Ich: »Macht sich der Verein denn nicht für Nachhaltige Mobilität stark? Weniger Autos in der Stadt usw.? Wie soll das denn passieren, wenn nicht mal ihr, eine gute Zugverbindung nutzt?« Wolf: »Es ist doch alles aufs Auto ausgelegt. Da liegt das Problem. Es macht einfach keinen Sinn, mit Bus und Bahn zu fahren«.


Mich hat das ziemlich frustriert. Zumindest an dem Abend ging mir das nicht mehr aus dem Kopf. Offenbar haben weder Pita noch Wolf in letzten zehn Jahren einmal nachgeschaut, wie lange der Zug tatsächlich braucht.


Und dann gibt es da noch Jana und andere Leute, die in Osnabrück wohnen und in Bielefeld arbeiten. Die nutzen die Bahnfahrt, um zu lesen oder am Notebook zu arbeiten. Manche haben an beiden Bahnhöfen ein Rad deponiert, einige nutzen ein Klapprad. Geht anscheinend doch.


Mich hat erschüttert, wie resolut Pita und Wolf das Bahnfahren abgelehnt haben. Selbst die Tatsache, dass man mit dem Zug kaum länger fährt, hat kein Nachdenken ausgelöst. Wo soll das hinführen? Wenn selbst passionierte Radfahrer nicht zum Umdenken bereit sind, nicht mal in Erwägung ziehen wollen, ihre Routine zu verändern.

 

Pita und Wolf werden wohl nur dann in die Bahn steigen, wenn das definitiv bequemer, schneller und billiger ist. Da wären wir dann wieder bei der Ökoroutine: Verhältnisse ändern Verhalten.


Da habe ich dann wieder gedacht, es ist unfassbar schwer, die Mobilitätskultur unserer Gesellschaft zu verändern. Das dauert alles viel zu lange.

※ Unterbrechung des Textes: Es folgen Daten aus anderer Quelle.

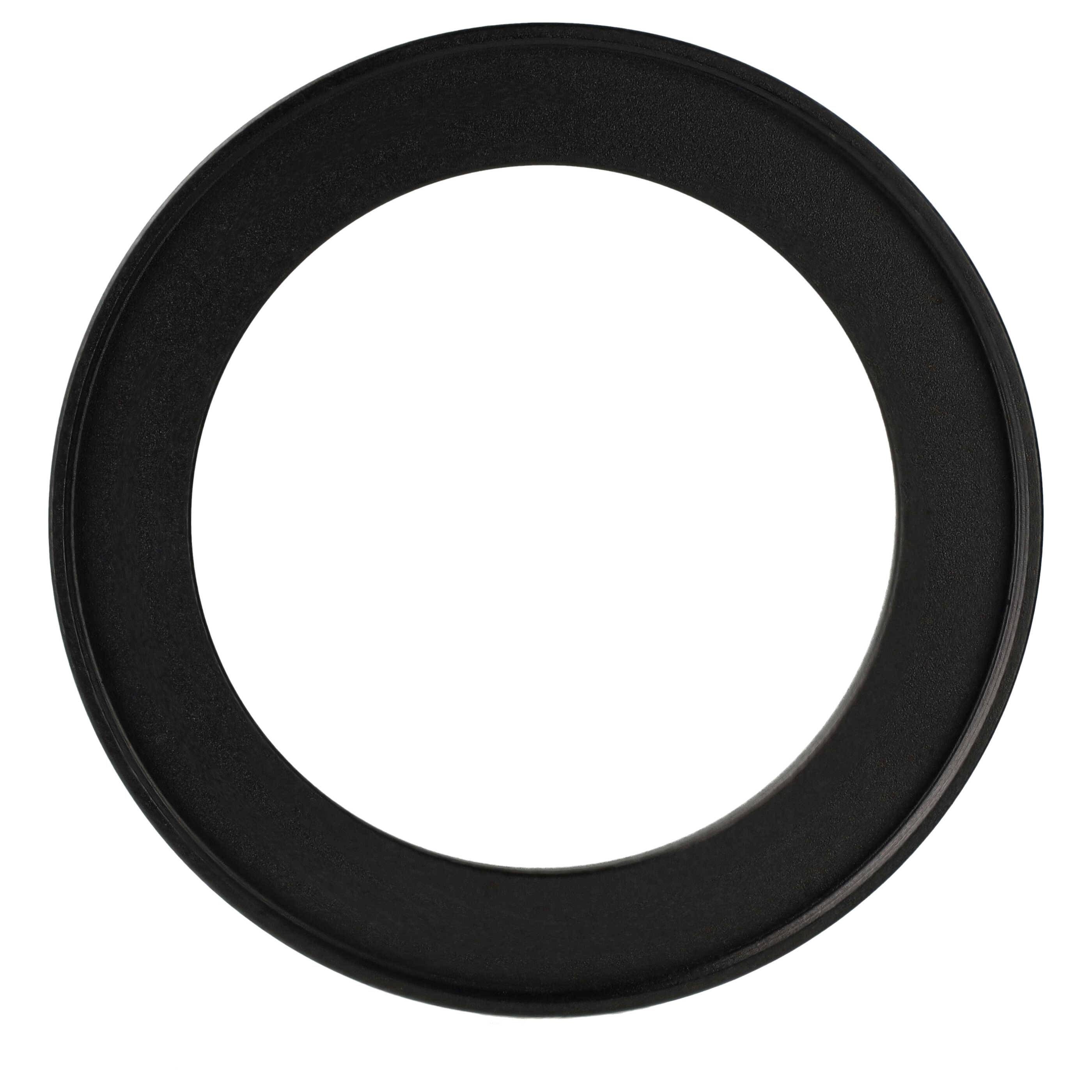 vhbw Step-Up-Ring Adapter von 52 mm auf 67 mm für Kamera Objektiv | Filteradapter, Metall, Schwarz-1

Der Verkehrssektor ist in Deutschland der einzige Bereich mit wachsenden CO2-Emissionionen. Während Industrie, Stromerzeugung und Wohnen deutlich einsparen konnten, hat sich die Auto- und Lkw-Situation weiter verschlimmert. In den letzten zehn Jahren sind nochmal knapp fünf Millionen Autos zusätzlich auf die Straßen gekommen. Die Städte sind verstopft und ächzen unter der Last.


Die Bilanz ist also niederschmetternd. Dennoch ist mein Motto: »Nicht aufgeben!« Ich werde nicht hinschmeißen. Denn ich sehe auch viele Städte, die den Strukturwandel geschafft haben. Wo die Zahl der Autos dramatisch zurückgegangen ist. Städte, die Jahr für Jahr schöner und attraktiver für Radfahrer*innen werden. Es gibt viele Menschen, die dafür kämpfen. Ich bin nicht allein.